When one is blessed with Shinjin (the real and authentic heart and mind), in that case, they feel a sense of Gratitude for being granted the gift of salvation through Amida and promise the possibility of his rebirth in the Pure Land as a complete spiritually enlightened Buddha. For those who are from Shinjin, Namu Amida Butsu is a means to express Gratitude. Thank You, AMIDA BUDDHA; it’s one of the Nembutsu in the sense of Gratitude.

Thank you, Buddha Homestay! As the name implies, it’s the perfect location to stay within Bodh Gaya, which gives the feeling of being at home away from home, as if you’re in your own home. The Airbnb is located in the middle of Bodh Gaya in an enchanted and peaceful atmosphere that is free of hustle and noise. It offers amenities similar to three-star hotels that are located in the city. It caters to a wide range of guests from across the world.

Thank You Buddha Homestay is easy to access with not much to do. It’s only 10 minutes to Gaya International Airport (also known as Bodhgaya Airport), 05 minutes from the Mahabodhi Temple, 30 minutes from Gaya Train Station, i.e., Gaya Junction, and only 4 minutes from Bodhgaya Bus Stand.

Thank You Buddha; Bodh Gaya Pilgrimage At A Glance

thank you buddha

Buddha Gaya or Bodh Gaya is a Town in NE India, in Bihar. This is where the holy banyan tree, under which Gautama Buddha was able to attain enlightenment, was subsequently renamed as Buddha. Similarly, the term “pilgrimage” is commonly used to describe a person’s experience of life, often as an overall description of personal development and exploration or, in the case of Christianity, that outlines a specific spiritual focus or path that is believed to result in a meeting with God.

Buddhist pilgrims have traveled to holy sites for many years. In his final days, the Buddha instructed his followers on four sacred sites “that a pious person should visit and look upon with feelings of reverence. ” These four sites were Lumbini, which was the place of the birth of Buddha; Bodhgaya, where he achieved nirvana; Sarnath Varanasi, where he delivered his first sermon as well; and Kushinagar, where he passed away.The Buddha’s teachings started an extensive tradition of pilgrimage for Buddhists. The four locations now constitute a pilgrimage circuit in the southern part of Nepal, the Indian states Bihar, and Uttar Pradesh.

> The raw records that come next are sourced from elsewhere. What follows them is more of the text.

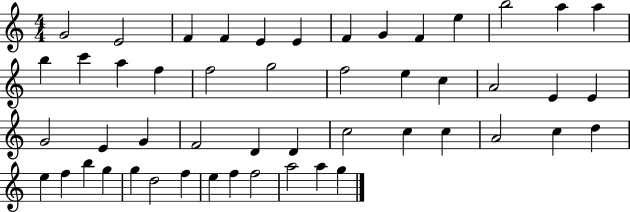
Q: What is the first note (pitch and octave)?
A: G4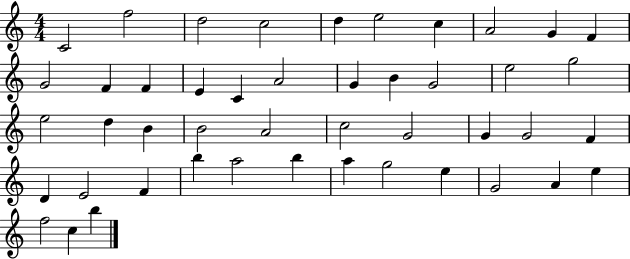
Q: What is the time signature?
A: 4/4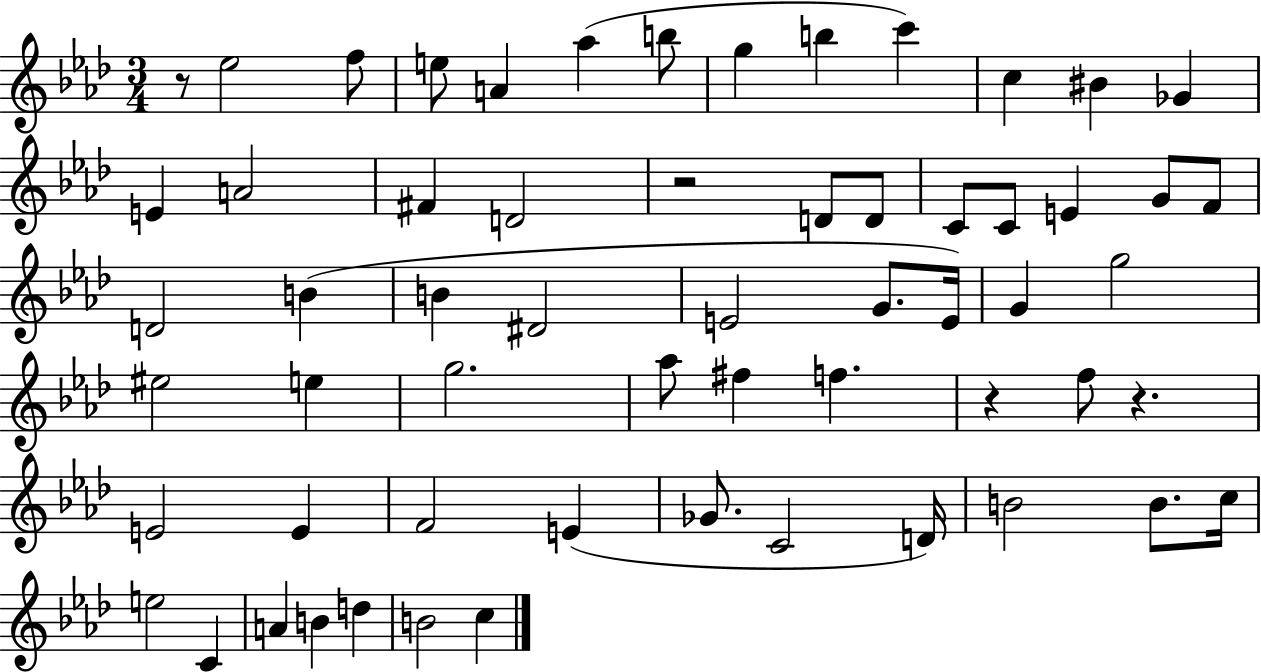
R/e Eb5/h F5/e E5/e A4/q Ab5/q B5/e G5/q B5/q C6/q C5/q BIS4/q Gb4/q E4/q A4/h F#4/q D4/h R/h D4/e D4/e C4/e C4/e E4/q G4/e F4/e D4/h B4/q B4/q D#4/h E4/h G4/e. E4/s G4/q G5/h EIS5/h E5/q G5/h. Ab5/e F#5/q F5/q. R/q F5/e R/q. E4/h E4/q F4/h E4/q Gb4/e. C4/h D4/s B4/h B4/e. C5/s E5/h C4/q A4/q B4/q D5/q B4/h C5/q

For many centuries, politics, religion as well as myth, and history have all converged on a tiny town located on the banks of the Phalgu River just south of the capital city of the state of Bihar, i.e., Patna in India. Bodh Gaya is believed to be the place of enlightenment or “great awakening” (Sanskrit, Mahabodhi) of Siddhartha Gautama. It was in this place that Siddhartha Gautama took a seat in meditation beneath the Bodhi tree after he had renounced his royale life to pursue asceticism. Here, he defeated temptation in the form of the demon Mara, and set a great world religion Buddhism into motion.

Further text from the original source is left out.